Do not repeat pictures. Repeat exactly the lines of the listing below from its first line through the line with "Obiettivo MIR 2,8/37 made in URSS".

*** Opening PROVIDED MATERIAL ***

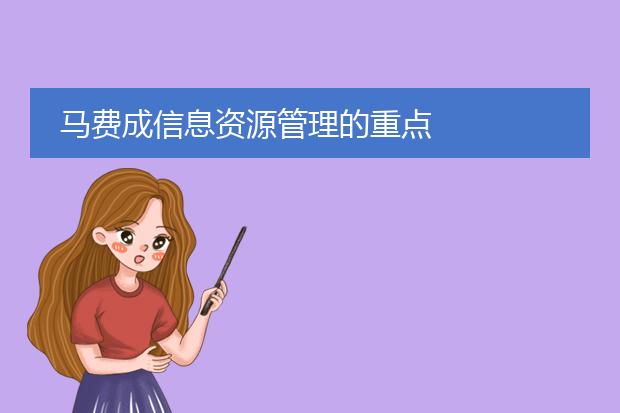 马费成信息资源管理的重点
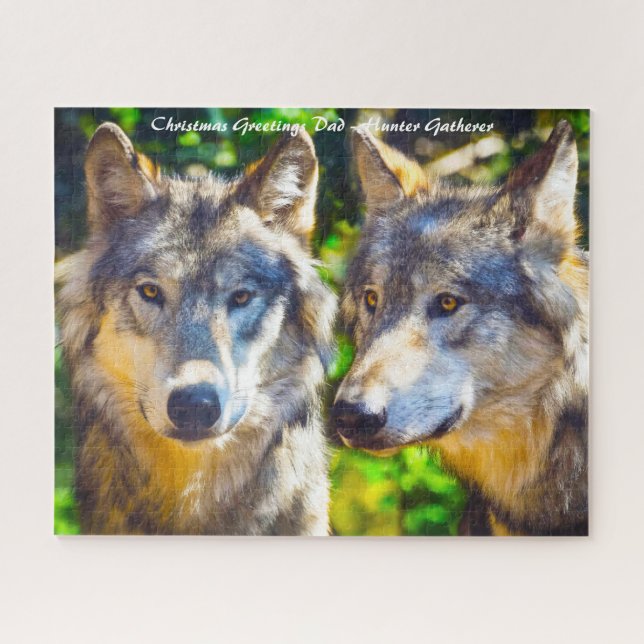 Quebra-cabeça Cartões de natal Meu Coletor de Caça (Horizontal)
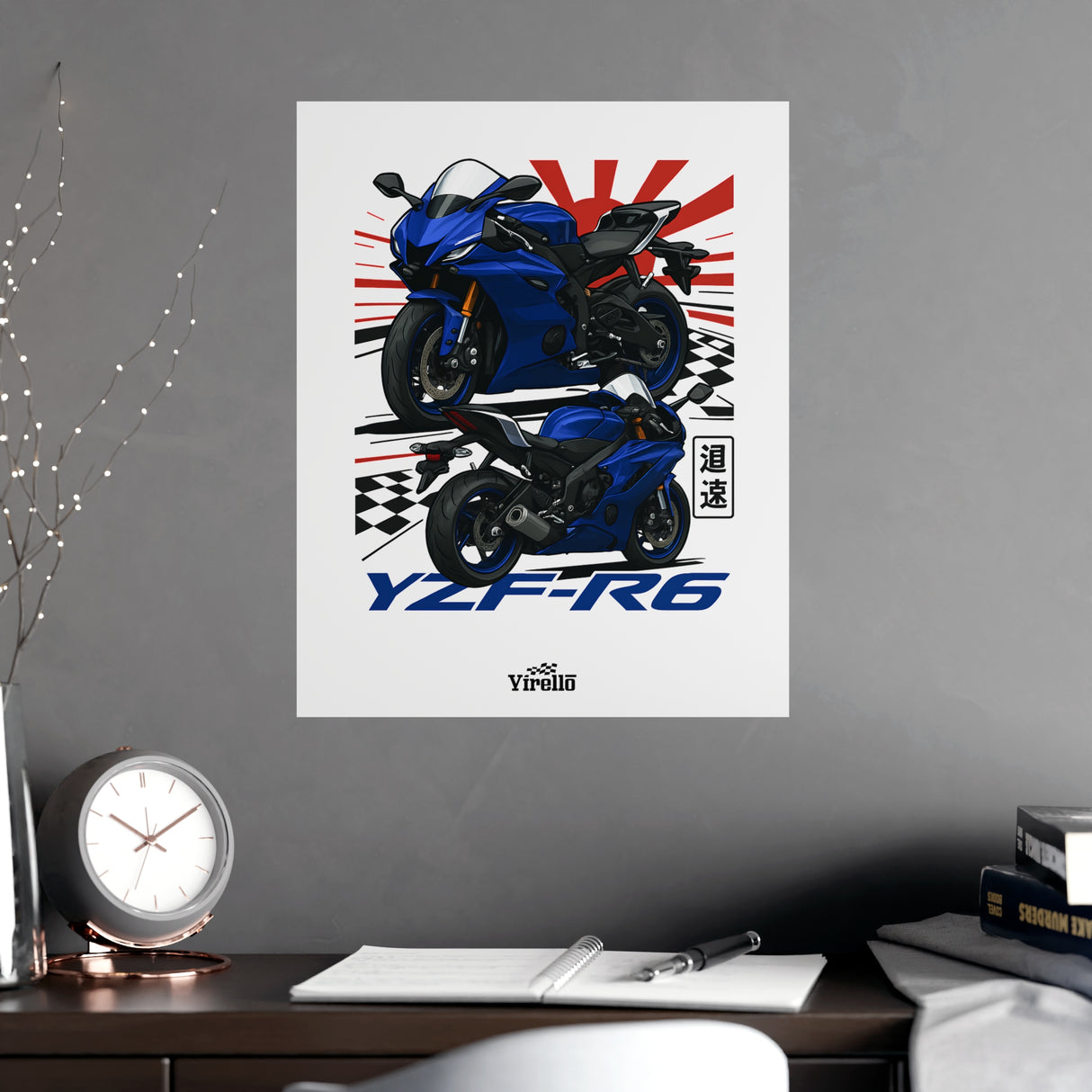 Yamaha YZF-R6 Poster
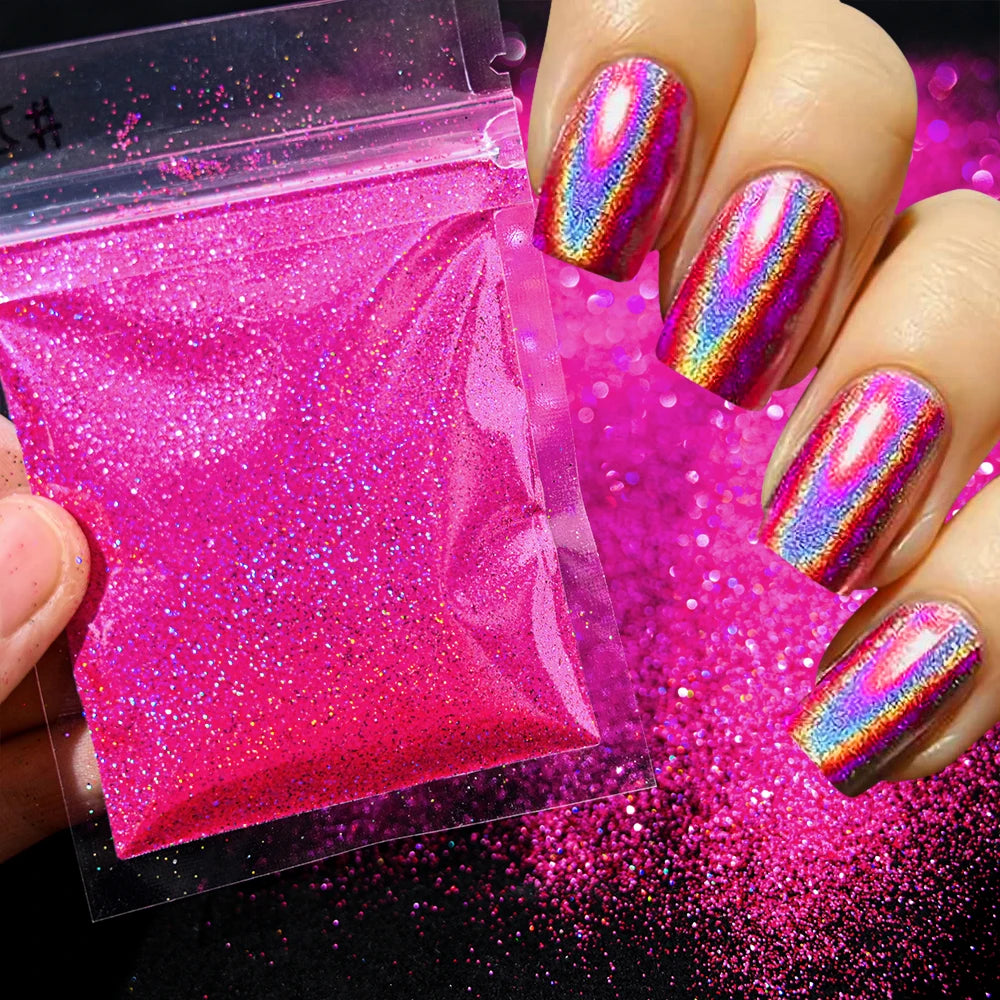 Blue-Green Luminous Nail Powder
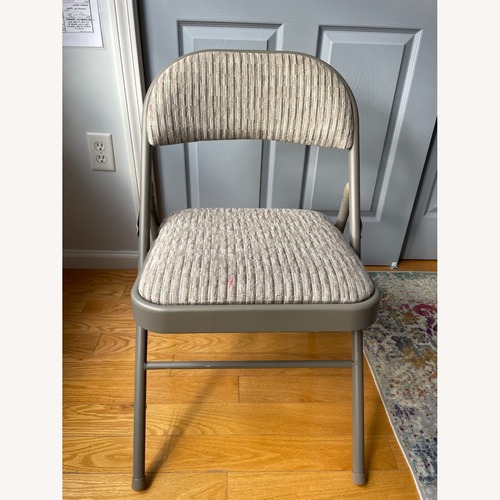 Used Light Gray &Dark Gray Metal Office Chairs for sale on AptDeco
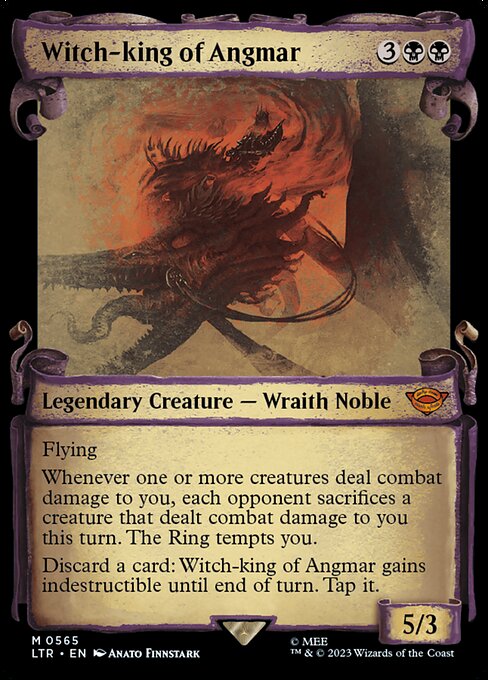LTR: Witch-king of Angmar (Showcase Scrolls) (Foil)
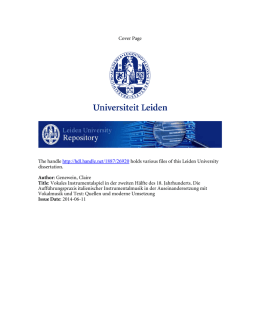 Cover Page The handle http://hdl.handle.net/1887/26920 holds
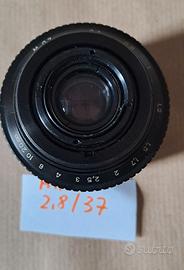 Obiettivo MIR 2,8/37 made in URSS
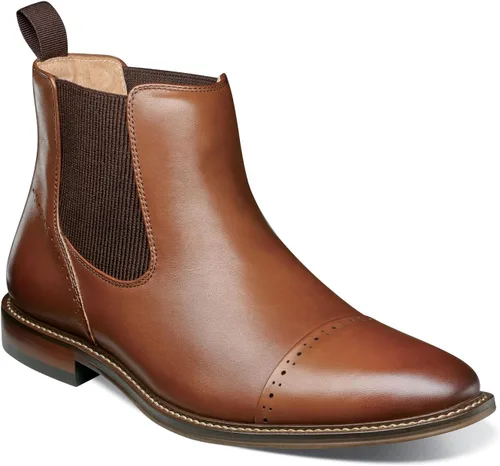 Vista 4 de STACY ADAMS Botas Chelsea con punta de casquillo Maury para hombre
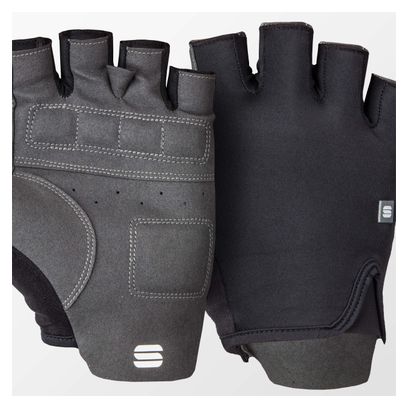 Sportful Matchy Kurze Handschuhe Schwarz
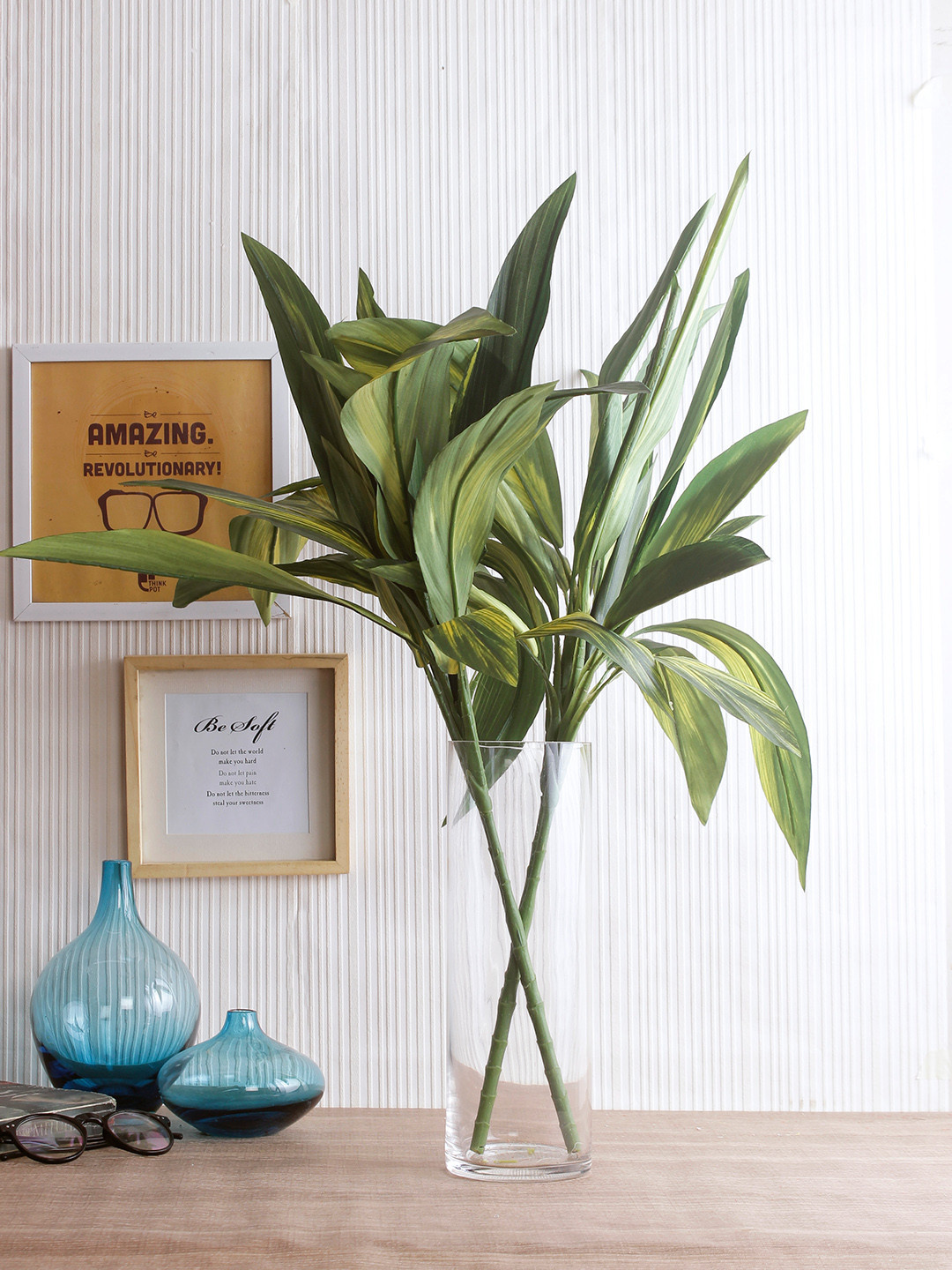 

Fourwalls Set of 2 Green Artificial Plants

*** Closing PROVIDED MATERIAL ***

SOLVED EXERCISE:
 马费成信息资源管理的重点
 Quebra-cabeça Cartões de natal Meu Coletor de Caça (Horizontal)
 Yamaha YZF-R6 Poster
 Blue-Green Luminous Nail Powder
 Used Light Gray &Dark Gray Metal Office Chairs for sale on AptDeco
LTR: Witch-king of Angmar (Showcase Scrolls) (Foil)
 Cover Page The handle http://hdl.handle.net/1887/26920 holds
 Obiettivo MIR 2,8/37 made in URSS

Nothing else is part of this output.